226421 Weight gain during pregnancy in obese women: Should they gain even less?

Monday, November 8, 2010 : 11:30 AM - 11:45 AM

Alexa Gallagher, MSPH , Department of Epidemiology and Biostatistics, University of South Carolina, Columbia, SC
Jihong Liu, PhD , Department of Epidemiology and Biostatistics, University of South Carolina, Columbia, SC
Nathan Hale, MPH , MCH Bureau, South Carolina Department of Health and Environmental Control, Columbia, SC
Background: Nearly 30% of U.S women are obese. Although the Institute of Medicine's (IOM) 2009 gestational weight gain (GWG) guidelines advise obese women to gain 11-20 pounds, it is unclear whether this recommendation is supported by empirical data. We examined GWG and the pregnancy outcomes of small-for-gestational age (SGA), large-for-gestational age (LGA), cesarean delivery, pregnancy-induced hypertension (PIH), and low apgar scores in obese women. Methods: Data from the 2004-6 South Carolina birth certificates were analyzed. 37,288 obese women were categorized by BMI as class I (30.0-34.9), II (35.0-39.9) or III (40.0+) obese. We used the ratio of observed to expected GWG, taking into consideration variation by gestational age (GA) at delivery, to determine adequacy of GWG. Expected GWG was defined using the IOM's 2009 guidelines. Adjusted logistic regression models were used to identify the GWG that corresponded to the lowest odds of poor outcomes. Results: Compared to adequate GWG (78% to 141% of IOM, 11-20 lbs at 40 weeks GA), excessive GWG (>141% of IOM, >20 lbs) significantly increased the odds of cesarean delivery, PIH, and LGA in all classes. Inadequate GWG (>0.071%-78% of IOM, >0-10 lbs) did not increase the odds of any adverse birth outcomes and decreased the odds of cesarean delivery in Class III women. Very inadequate GWG (<=.071% of IOM, <= lbs) increased the odds of SGA in Class II women, but decreased the odds of cesarean delivery in Class II and III. Conclusion: Gaining 1-10 lbs, below the recommendation, was not harmful for obese women.

Learning Areas:
Public health or related organizational policy, standards, or other guidelines

Learning Objectives:
Discuss the issues surrounding gestational weight gain in obese women.
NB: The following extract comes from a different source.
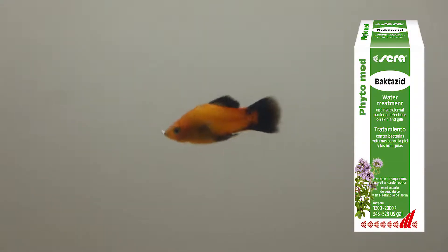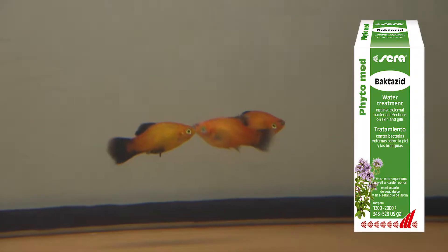The external bacterial infection of skin and gills can be treated with the new herbal treatment Seraphytomybacter seed. It contains highly effective thyme oil as an active agent.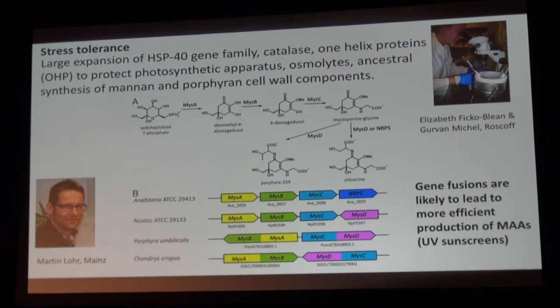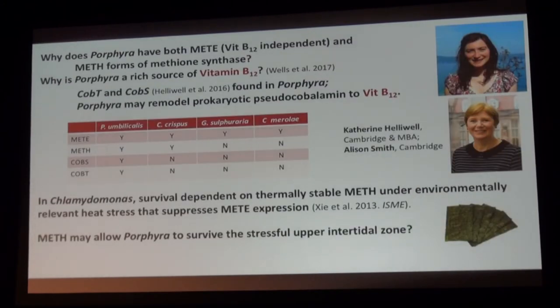Martin Lohr examined mycosporin-like amino acids, which are sunscreens. You can imagine that Porphyra is staked out on the rocks under blistering sun with a lot of UV exposure, but it has been known to be tolerant. Its main mycosporin is porphyra-334, and this shows the synthetic pathway with four enzymes. These are found in two different cyanobacteria, but Martin found gene fusions both in MysA/MysB and MysC/MysD. The same thing is true in Chondrus crispus, and we propose that these gene fusions are likely to lead to more efficient production of mycosporin-like amino acids, which are so important to the survival of this organism.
Keywords: Pregnancy, Obesity

Presenting author's disclosure statement:

Qualified on the content I am responsible for because: I am qualified because I am a student in epidemiology with an interest in maternal and child health.
Any relevant financial relationships? No

I agree to comply with the American Public Health Association Conflict of Interest and Commercial Support Guidelines, and to disclose to the participants any off-label or experimental uses of a commercial product or service discussed in my presentation.